- [Problem details] The expected reply is all of the data, returned exactly.

- [Supplied entries]
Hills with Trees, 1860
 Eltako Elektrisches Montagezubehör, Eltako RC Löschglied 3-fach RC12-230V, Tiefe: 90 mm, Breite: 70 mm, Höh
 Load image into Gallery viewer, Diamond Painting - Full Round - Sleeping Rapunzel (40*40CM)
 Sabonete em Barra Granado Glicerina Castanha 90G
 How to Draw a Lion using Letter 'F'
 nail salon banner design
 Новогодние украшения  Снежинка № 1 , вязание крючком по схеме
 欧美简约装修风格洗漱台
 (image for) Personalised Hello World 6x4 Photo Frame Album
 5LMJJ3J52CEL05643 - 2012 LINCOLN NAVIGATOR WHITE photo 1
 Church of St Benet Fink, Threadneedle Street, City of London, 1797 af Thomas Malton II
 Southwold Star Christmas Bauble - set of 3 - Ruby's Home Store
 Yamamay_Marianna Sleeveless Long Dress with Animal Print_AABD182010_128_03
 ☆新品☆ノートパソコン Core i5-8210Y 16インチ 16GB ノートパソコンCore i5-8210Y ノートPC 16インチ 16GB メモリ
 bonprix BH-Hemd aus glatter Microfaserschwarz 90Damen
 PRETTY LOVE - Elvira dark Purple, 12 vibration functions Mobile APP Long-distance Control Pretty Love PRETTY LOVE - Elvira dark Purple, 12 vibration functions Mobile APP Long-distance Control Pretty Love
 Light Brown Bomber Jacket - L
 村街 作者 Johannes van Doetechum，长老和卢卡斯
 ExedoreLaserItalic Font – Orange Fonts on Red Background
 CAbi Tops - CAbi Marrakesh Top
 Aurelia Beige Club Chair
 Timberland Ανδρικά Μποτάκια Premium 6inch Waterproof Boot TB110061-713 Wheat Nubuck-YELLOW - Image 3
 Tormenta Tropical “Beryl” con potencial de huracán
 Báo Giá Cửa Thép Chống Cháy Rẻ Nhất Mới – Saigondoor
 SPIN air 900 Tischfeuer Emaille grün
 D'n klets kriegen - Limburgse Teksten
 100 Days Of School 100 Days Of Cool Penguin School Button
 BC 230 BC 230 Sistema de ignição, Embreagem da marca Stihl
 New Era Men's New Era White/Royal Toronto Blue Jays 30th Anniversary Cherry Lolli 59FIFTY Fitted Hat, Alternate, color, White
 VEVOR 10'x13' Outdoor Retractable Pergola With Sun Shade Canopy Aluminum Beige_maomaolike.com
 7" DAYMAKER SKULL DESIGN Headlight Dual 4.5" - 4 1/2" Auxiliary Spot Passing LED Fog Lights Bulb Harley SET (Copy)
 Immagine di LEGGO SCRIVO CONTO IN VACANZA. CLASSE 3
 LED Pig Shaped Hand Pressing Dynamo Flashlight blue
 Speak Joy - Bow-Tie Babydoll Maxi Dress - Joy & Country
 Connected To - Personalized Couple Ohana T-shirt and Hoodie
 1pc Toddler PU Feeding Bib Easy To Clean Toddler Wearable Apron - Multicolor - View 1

- [Result of the task]
Hills with Trees, 1860
 Eltako Elektrisches Montagezubehör, Eltako RC Löschglied 3-fach RC12-230V, Tiefe: 90 mm, Breite: 70 mm, Höh
 Load image into Gallery viewer, Diamond Painting - Full Round - Sleeping Rapunzel (40*40CM)
 Sabonete em Barra Granado Glicerina Castanha 90G
 How to Draw a Lion using Letter 'F'
 nail salon banner design
 Новогодние украшения  Снежинка № 1 , вязание крючком по схеме
 欧美简约装修风格洗漱台
 (image for) Personalised Hello World 6x4 Photo Frame Album
 5LMJJ3J52CEL05643 - 2012 LINCOLN NAVIGATOR WHITE photo 1
 Church of St Benet Fink, Threadneedle Street, City of London, 1797 af Thomas Malton II
 Southwold Star Christmas Bauble - set of 3 - Ruby's Home Store
 Yamamay_Marianna Sleeveless Long Dress with Animal Print_AABD182010_128_03
 ☆新品☆ノートパソコン Core i5-8210Y 16インチ 16GB ノートパソコンCore i5-8210Y ノートPC 16インチ 16GB メモリ
 bonprix BH-Hemd aus glatter Microfaserschwarz 90Damen
 PRETTY LOVE - Elvira dark Purple, 12 vibration functions Mobile APP Long-distance Control Pretty Love PRETTY LOVE - Elvira dark Purple, 12 vibration functions Mobile APP Long-distance Control Pretty Love
 Light Brown Bomber Jacket - L
 村街 作者 Johannes van Doetechum，长老和卢卡斯
 ExedoreLaserItalic Font – Orange Fonts on Red Background
 CAbi Tops - CAbi Marrakesh Top
 Aurelia Beige Club Chair
 Timberland Ανδρικά Μποτάκια Premium 6inch Waterproof Boot TB110061-713 Wheat Nubuck-YELLOW - Image 3
 Tormenta Tropical “Beryl” con potencial de huracán
 Báo Giá Cửa Thép Chống Cháy Rẻ Nhất Mới – Saigondoor
 SPIN air 900 Tischfeuer Emaille grün
 D'n klets kriegen - Limburgse Teksten
 100 Days Of School 100 Days Of Cool Penguin School Button
 BC 230 BC 230 Sistema de ignição, Embreagem da marca Stihl
 New Era Men's New Era White/Royal Toronto Blue Jays 30th Anniversary Cherry Lolli 59FIFTY Fitted Hat, Alternate, color, White
 VEVOR 10'x13' Outdoor Retractable Pergola With Sun Shade Canopy Aluminum Beige_maomaolike.com
 7" DAYMAKER SKULL DESIGN Headlight Dual 4.5" - 4 1/2" Auxiliary Spot Passing LED Fog Lights Bulb Harley SET (Copy)
 Immagine di LEGGO SCRIVO CONTO IN VACANZA. CLASSE 3
 LED Pig Shaped Hand Pressing Dynamo Flashlight blue
 Speak Joy - Bow-Tie Babydoll Maxi Dress - Joy & Country
 Connected To - Personalized Couple Ohana T-shirt and Hoodie
 1pc Toddler PU Feeding Bib Easy To Clean Toddler Wearable Apron - Multicolor - View 1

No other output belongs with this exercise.